FIFA panel tells Sepp Blatter, Michel Platini why they were banned
FIFA panel tells Sepp Blatter, Michel Platini why they were banned
FIFA's ethics panel said on Saturday it had formally given outgoing President Sepp Blatter and European soccer head Michel Platini the reasons for their eight-year bans from the game, information both men could use in an appeal.

FIFA's ethics panel said on Saturday it had formally given outgoing President Sepp Blatter and European soccer head Michel Platini the reasons for their eight-year bans from the game, information both men could use in an appeal.

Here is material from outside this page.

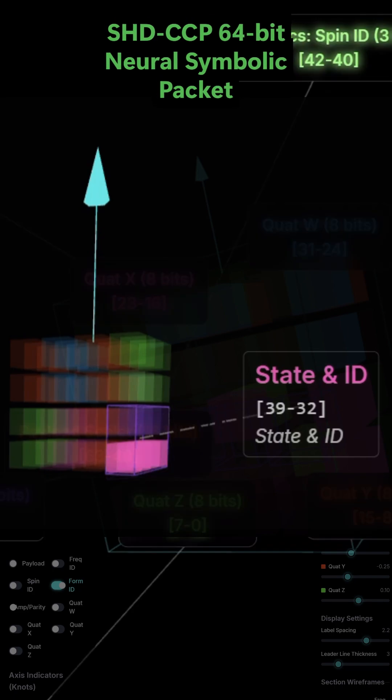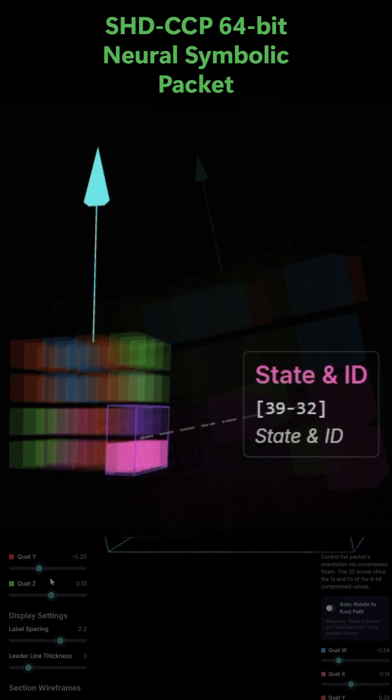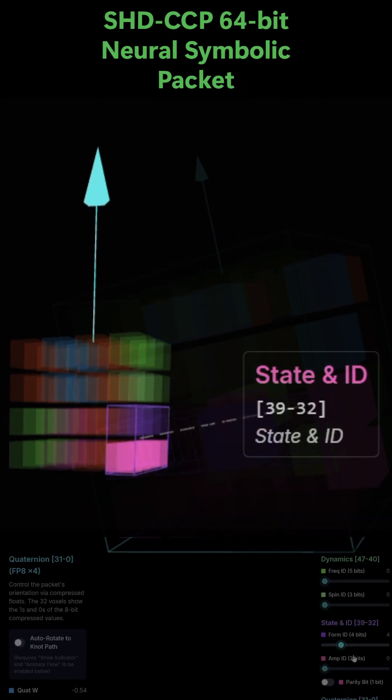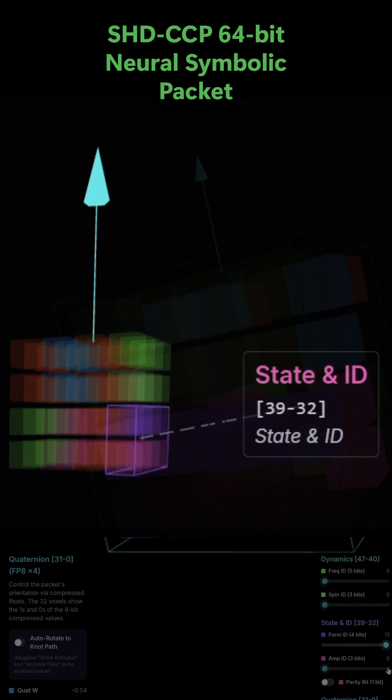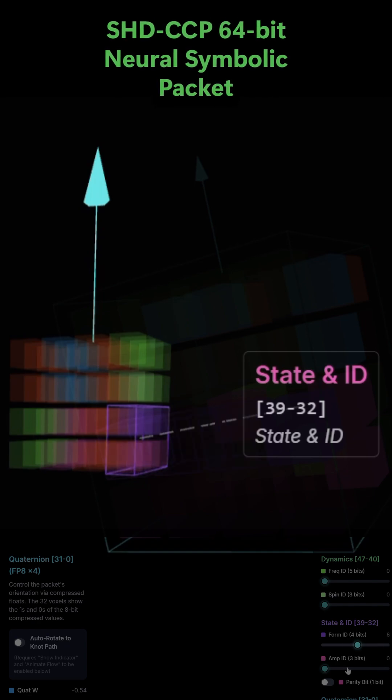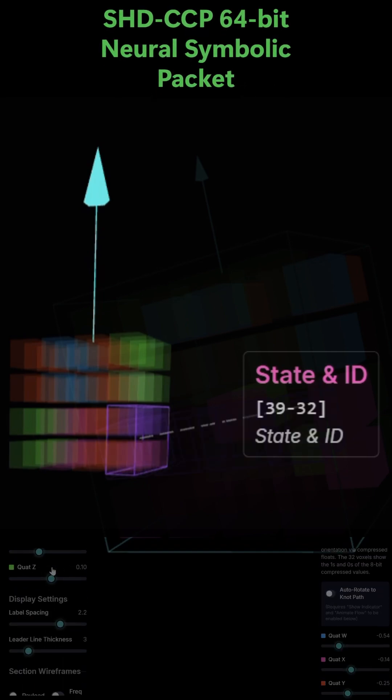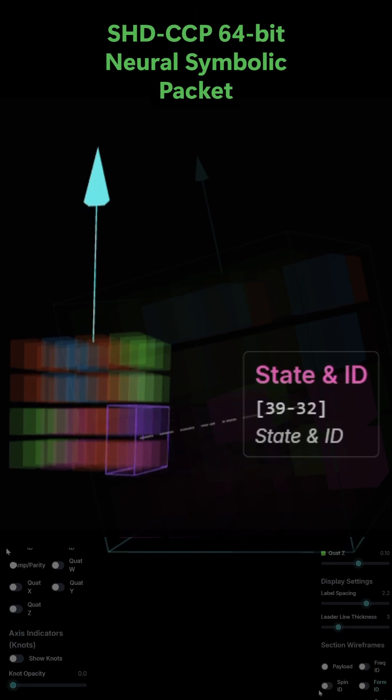Amplitude ID, 3 bits. This acts as a modifier for the logic's intensity or amplitude. Parity bit, 1-bit. This is a single bit used for basic error checking to ensure the data in this section is valid.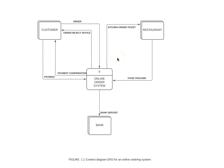This is the data flow diagram of an online ordering system of a restaurant. During the system analysis phase of STLC, to understand the system requirements, analysts use different modeling tools and techniques such as data flow diagrams.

Blatter and Platini were banned last month amid the worst corruption scandal in the history of world soccer's governing body.

"After receiving the grounds for the decisions, both officials may lodge an appeal with the FIFA Appeal Committee," the adjudicatory chamber of the ethics committee said in a statement, without giving details on the information it sent.

A lawyer for Platini, suspended head of European soccer body UEFA, said he would appeal. Platini withdrew from the race to succeed Blatter this week..

"We will immediately lodge an appeal with the FIFA appeal committee, before going to the Court of Arbitration for Sport as soon as possible," Platini lawyer Thibaud d'Ales told Reuters in Paris.

He added that "the FIFA appeal committee being a FIFA body, we do not have high hopes that making an appeal there will change things".

Platini had initially been seen as the favourite to replace Blatter in the Feb. 26 election.

D'Ales said FIFA had now completely dropped accusations of corruption and only talks about "a possible conflict of interest and lack of loyalty".

"We will fight these arguments strongly," he said.

Blatter and Platini were both banned over a payment of 2 million Swiss francs ($2 million) made to the Frenchman by FIFA with Blatter's approval in 2011 for work done a decade earlier.

The committee said the payment, made at a time when Blatter was seeking re-election, lacked transparency and presented conflicts of interest, though both men denied wrongdoing.

The sport faces criminal investigations in Switzerland and the United States, where 41 soccer officials and sports entities have been indicted on corruption charges.